NeoHive vs Basic Memory
For the local-first, plain-Markdown crowd. NeoHive is a context engineering layer that runs on-premises and returns your team’s knowledge and live codebase in a single query, via the Model Context Protocol (MCP).
What Basic Memory is
A local-first knowledge system that builds a semantic graph from plain Markdown files you own and edit. It exposes MCP tools (write_note, search_notes, build_context), stays compatible with Obsidian, and now offers a cloud-hosted version alongside the local one.
Your notes live as Markdown on disk. Basic Memory indexes them with SQLite and links observations and wikilinks into a semantic graph that both you and the AI read and write.
At a glance
| Basic Memory | NeoHive | |
|---|---|---|
| Storage | Markdown files on disk you edit | Indexed knowledge + code, server-managed |
| Codebase | No codebase sync | Live Git sync as one retrieval surface |
| Team | Single-user / local focus (cloud version exists) | Multi-hive team store, self-hosted on-prem |
| Retrieval | Semantic graph built from notes | Deterministic retrieval over notes and code together |
Details as of July 2026 and change often; verify current capabilities with each vendor.

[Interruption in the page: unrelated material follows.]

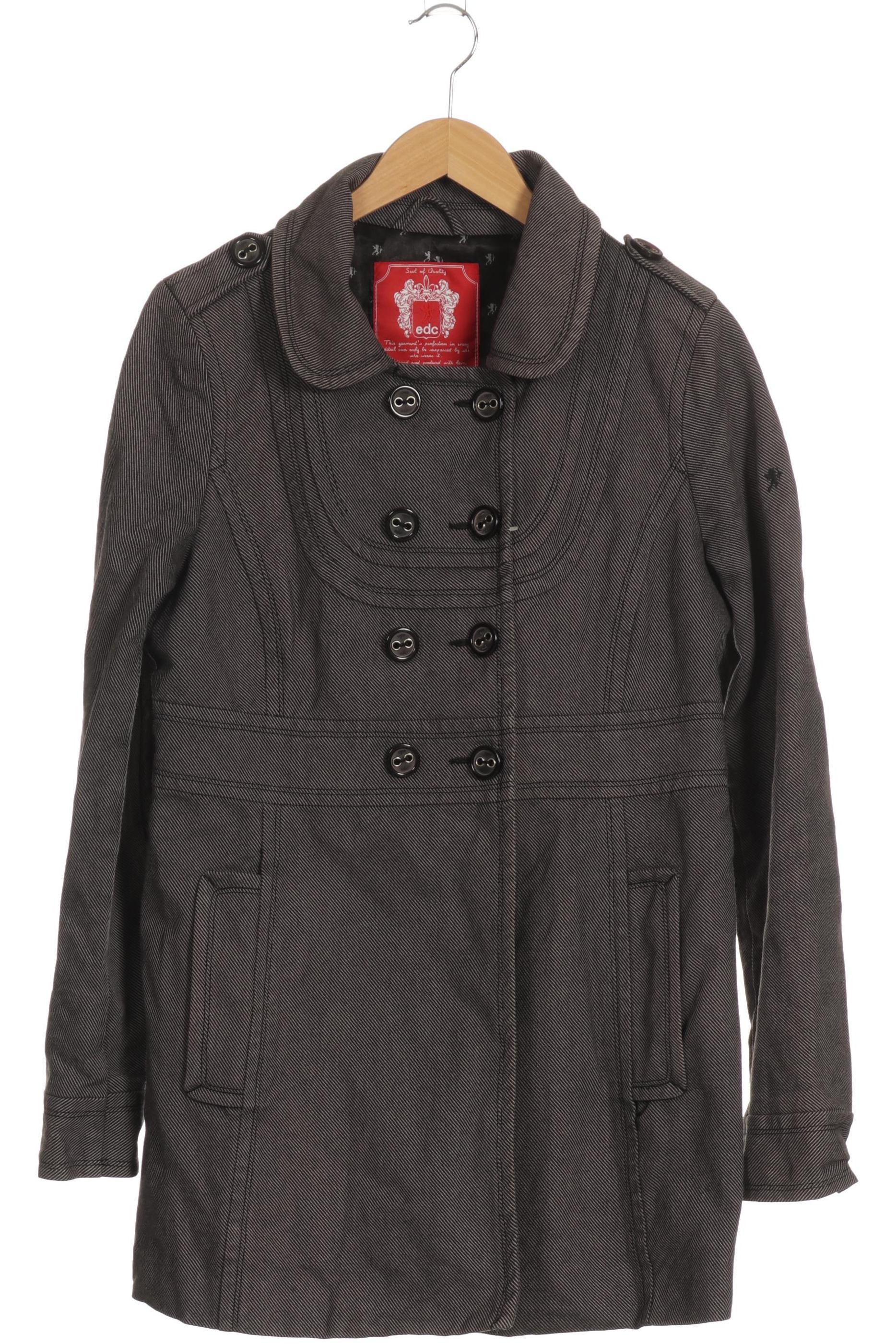 

Esprit Damen Jacke, grau, Gr.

Where Basic Memory is strong
- Total transparency: files on disk, human-editable, Git-friendly, Obsidian-compatible
- Simple, no infrastructure to run
Where it leaves a gap
- Single-user / local focus
- No shared team server in the local mode
- No codebase sync; the graph is built from notes, not your code
The difference
Basic Memory is your notes; NeoHive is your team’s notes plus live code as one searchable surface, on a shared server your team runs on-prem.